James es uno de los grandes novelistas estadounidenses –incluso a pesar de que se nacionalizó británico– y es también otro de los grandes genios del cuento en un país donde no faltaban maestros en dicho género. Todos recordamos los relatos de Edgar Allan Poe o los de Hawthorne; más tarde llegaron Sarah Orne Jewett, Jack London y Edith Wharton. En medio se sitúa James, que escribe 113 cuentos más algunas novelas cortas –'Otra vuelta de tuerca' o 'Daisy Miller'– de factura impecable. Toca casi todos los registros –con la excepción de la denuncia social– en sus relatos, pero destacan, a mi entender, tres: el cuento de fantasmas –además de 'Otra vuelta de tuerca' podríamos citar 'El rincón feliz' u 'Owen Wingrave'–, los relatos de la vida artística –'Los papeles de Aspern' o 'La Lección del maestro'– y los de la vida insatisfecha, cuentos que, sobre todo al final de su vida, tienen mayor presencia y cobran una importancia nada desdeñable, sobre todo cuando sabe que el propio escritor consideraba que había desperdiciado su vida. Así, el sentido de 'La bestia en la jungla' parece teñirse de algunos colores y matices que solo da la experiencia; al igual que 'La vieja Cornelia', uno de los últimos, escalofriante por los tonos sombríos con que la protagonista repasa su vida. Cualquier lector ha de huir de la tentación que le asalta de explicar la obra a partir de la biografía. Estas narraciones tienen entidad por sí mismas y no necesitan de apoyaturas biográficas ni vivenciales pero resuenan sus ecos de manera distinta al intuir que quizás el autor estaba examinando lo que había sido su vida en las personas de sus personajes.
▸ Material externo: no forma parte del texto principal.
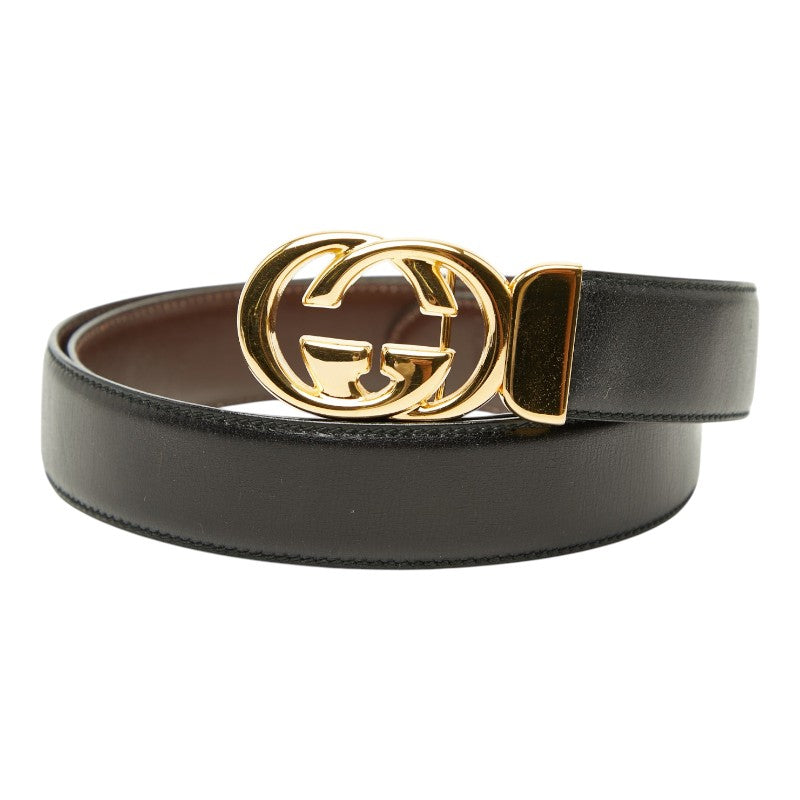 グッチ オールドグッチ ベルト サイズ：95/38 036 084 0964 ブラック ブラウン レザー メンズ GUCCI 【中古】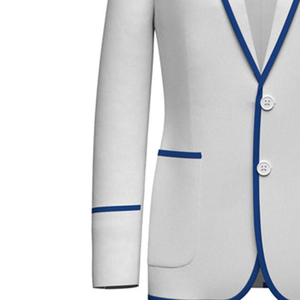 Blazer formel unisexe Zeta White en coton biologique, doublure personnalisée, double bordure, prêt à expédier, fabrication OEM Greek Life - Product Image 3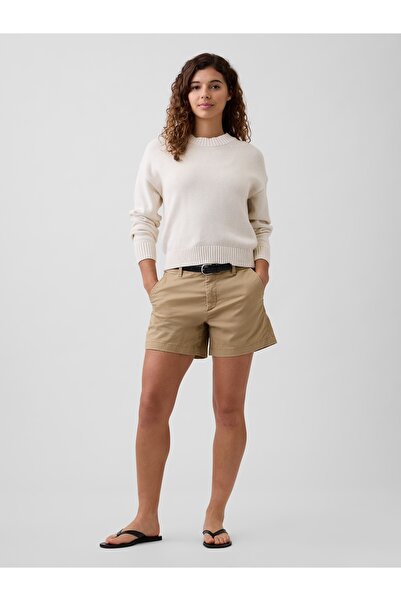 GAP Kadın Açık Kahverengi 5" Mid Rise Downtown Khaki Şortlar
En cualquier caso, en estas últimas obras –maestras, sin duda alguna– hay tonos desconocidos en sus escritos de juventud y de madurez: los del declive –que es solo biográfico y nunca intelectual–. Parecen abrir una brecha por la que solo algunos elegidos se aventuran. James, que empezó como un realista de la primera hora –todavía un romántico rezagado –llegó hasta el momento en que autores como Virginia Woolf, o antes Joseph Conrad, comienzan a disolver las pautas canónicas de la narrativa. Con los varios narradores que inundan las novelas y con la percepción de un tiempo que puede estirarse o encogerse a conveniencia, el narrador central de James pierde importancia. Sin embargo, uno no puede dejar de sospechar que sin esos narradores tan obsesivos, entregados al registro minucioso de los cambios más mínimos en los protagonistas; sin esas frases que van complicándose, retorciéndose, bifurcándose y amplificándose conforme avanza su vida y adquiere seguridad, y que son capaces de registrar todas esas minucias sicológicas de los personajes, quizás la obra de los escritores que continuaron la tarea –un tanto inútil ya, quizás desfasada– de contar vidas ejemplares en algún sentido habría sido muy distinta, quizás menos arriesgada, quizás más lenta en su desarrollo.
Sin Henry James el cuento norteamericano –y por extensión el mundial– habría seguido la tendencia –no siempre recomendable– de fiar toda su fuerza al final sorprendente, ya sea en la forma de una revelación o en la de un giro inesperado en la narración. James se alejó de esa constricción narrativa, a pesar de que contemos con ejemplos extraordinarios de esa manera de cerrar las narraciones. Prefirió una extensión mayor, rozando en muchos casos la de la novela breve, con el propósito de dar espacio a un narrador que observa la historia y es capaz de ver la trama que la superficie oculta.